The best thing any of us can do for our ancestors is to be better than they were; and we ought to give our minds to it. When we use our past merely as a guide-book, and concentrate our noble emotions on the present and future, we shall improve more rapidly.
The peculiar changes brought about in family life by the predominance of the male are easily traced. In these studies we must keep clearly in mind the basic masculine characteristics: desire, combat, self-expression—all legitimate and right in proper use; only mischievous when excessive or out of place. Through them the male is led to strenuous competition for the favor of the female; in the overflowing ardours of song, as in nightingale and tomcat; in wasteful splendor of personal decoration, from the pheasant's breast to an embroidered waistcoat; and in direct struggle for the prize, from the stag's locked horns to the clashing spears of the tournament.
It is earnestly hoped that no reader will take offence at the necessarily frequent, reference to these essential features of maleness. In the many books about women it is, naturally, their femaleness that has been studied and enlarged upon. And though women, after thousands of years of such discussion, have become a little restive under the constant use of the word female: men, as rational beings, should not object to an analogous study—at least not for some time—a few centuries or so.
How, then, do we find these masculine tendencies, desire, combat and self-expression, affect the home and family when given too much power?
First comes the effect in the preliminary work of selection. One of the most uplifting forces of nature is that of sex selection. The males, numerous, varied, pouring a flood of energy into wide modifications, compete for the female, and she selects the victor, this securing to the race the new improvements.
In forming the proprietary family there is no such competition, no such selection. The man, by violence or by purchase, does the choosing—he selects the kind of woman that pleases him. Nature did not intend him to select; he is not good at it. Neither was the female intended to compete—she is not good at it.
If there is a race between males for a mate—the swiftest gets her first; but if one male is chasing a number of females he gets the slowest first. The one method improves our speed: the other does not. If males struggle and fight with one another for a mate, the strongest secures her; if the male struggles and fights with the female—(a peculiar and unnatural horror, known only among human beings) he most readily secures the weakest. The one method improves our strength—the other does not.
When women became the property of men; sold and bartered; "given away" by their paternal owner to their marital owner; they lost this prerogative of the female, this primal duty of selection.

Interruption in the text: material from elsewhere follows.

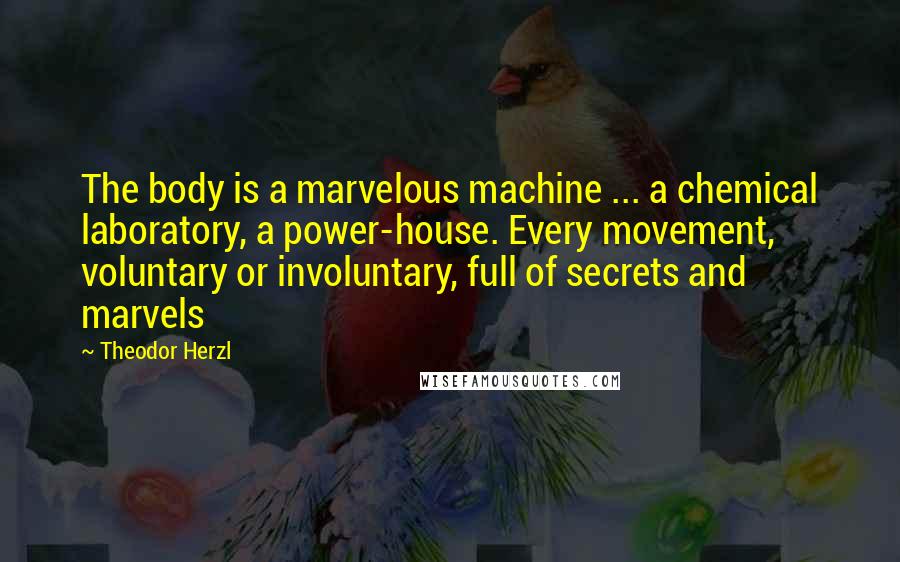 Theodor Herzl quotes: The body is a marvelous machine ... a chemical laboratory, a power-house. Every movement, voluntary or involuntary, full of secrets and marvels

The males were no longer improved by their natural competition for the female; and the females were not improved; because the male did not select for points of racial superiority, but for such qualities as pleased him.
There is a locality in northern Africa, where young girls are deliberately fed with a certain oily seed, to make them fat,—that they may be the more readily married,—as the men like fat wives. Among certain more savage African tribes the chief's wives are prepared for him by being kept in small dark huts and fed on "mealies' and molasses; precisely as a Strasbourg goose is fattened for the gourmand. Now fatness is not a desirable race characteristic; it does not add to the woman's happiness or efficiency; or to the child's; it is merely an accessory pleasant to the master; his attitude being much as the amorous monad ecstatically puts it, in Sill's quaint poem, "Five Lives,"
"O the little female monad's lips!O the little female monad's eyes!O the little, little, female, female monad!"
This ultra littleness and ultra femaleness has been demanded and produced by our Androcentric Culture.
Following this, and part of it, comes the effect on motherhood. This function was the original and legitimate base of family life; and its ample sustaining power throughout the long early period of "the mother-right;" or as we call it, the matriarchate; the father being her assistant in the great work. The patriarchate, with its proprietary family, changed this altogether; the woman, as the property of the man was considered first and foremost as a means of pleasure to him; and while she was still valued as a mother, it was in a tributary capacity. Her children were now his; his property, as she was; the whole enginery of the family was turned from its true use to this new one, hitherto unknown, the service of the adult male.
To this day we are living under the influence of the proprietary family. The duty of the wife is held to involve man-service as well as child-service, and indeed far more; as the duty of the wife to the husband quite transcends the duty of the mother to the child.
See for instance the English wife staying with her husband in India and sending the children home to be brought up; because India is bad for children. See our common law that the man decides the place of residence; if the wife refuses to go with him to howsoever unfit a place for her and for the little ones, such refusal on her part constitutes "desertion" and is ground for divorce.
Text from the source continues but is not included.